─── GIVEN RECORDS ───
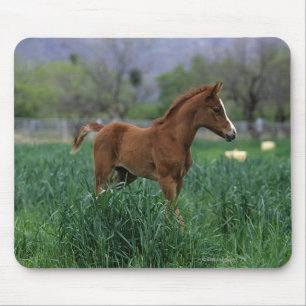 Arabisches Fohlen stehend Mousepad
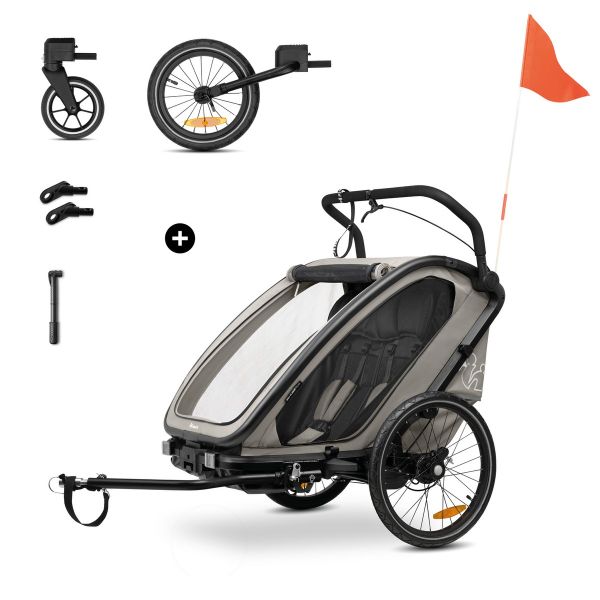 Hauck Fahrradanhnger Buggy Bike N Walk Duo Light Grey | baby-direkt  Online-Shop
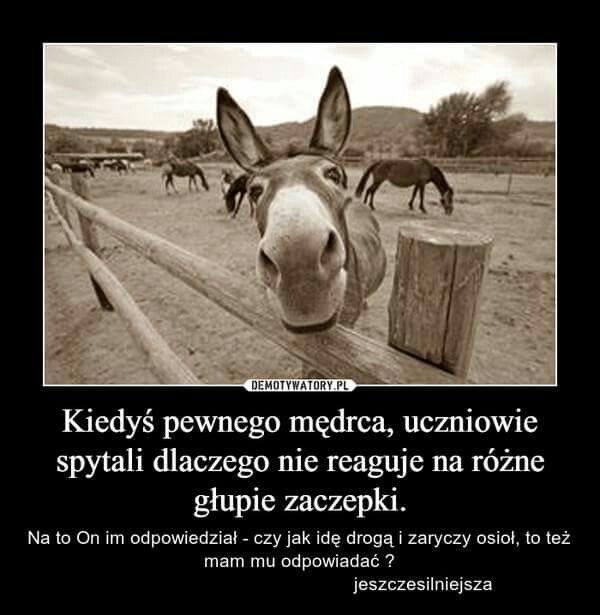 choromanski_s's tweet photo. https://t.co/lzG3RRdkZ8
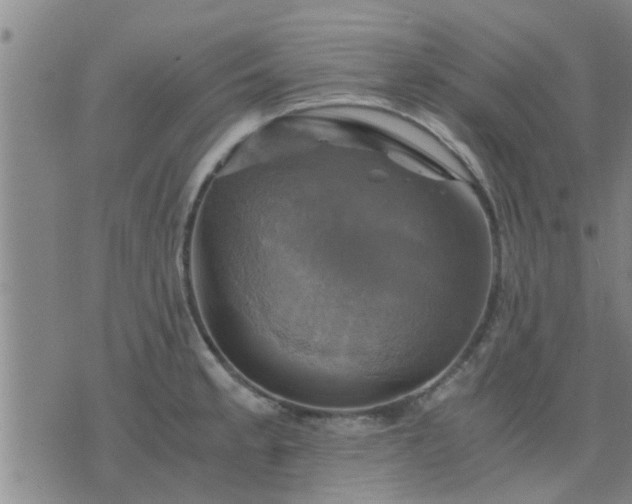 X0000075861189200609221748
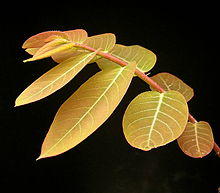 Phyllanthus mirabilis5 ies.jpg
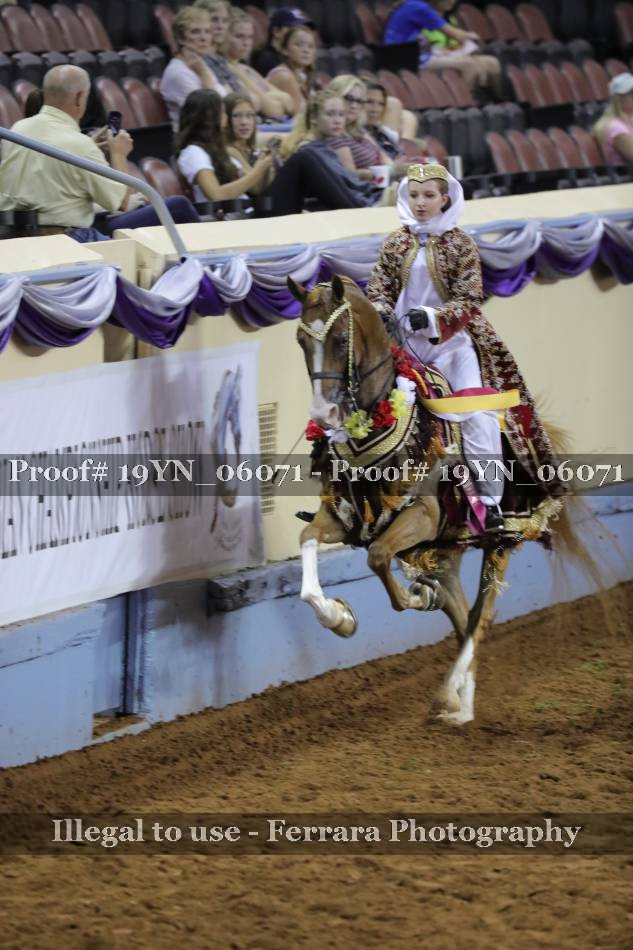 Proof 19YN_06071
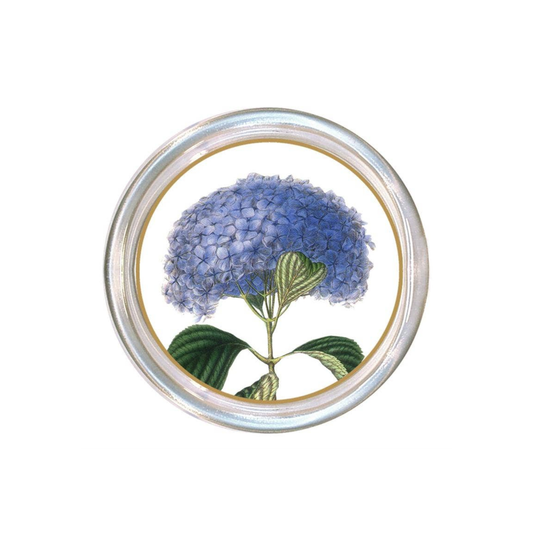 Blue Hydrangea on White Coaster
───
* TASK TO CARRY OUT *
Only the lines from the one containing "Phyllanthus mirabilis5 ies.jpg" through the last line of the entries above, both included, belong in the answer, written out exactly; pictures do not.

* ANSWER SPACE *
 Phyllanthus mirabilis5 ies.jpg
 Proof 19YN_06071
 Blue Hydrangea on White Coaster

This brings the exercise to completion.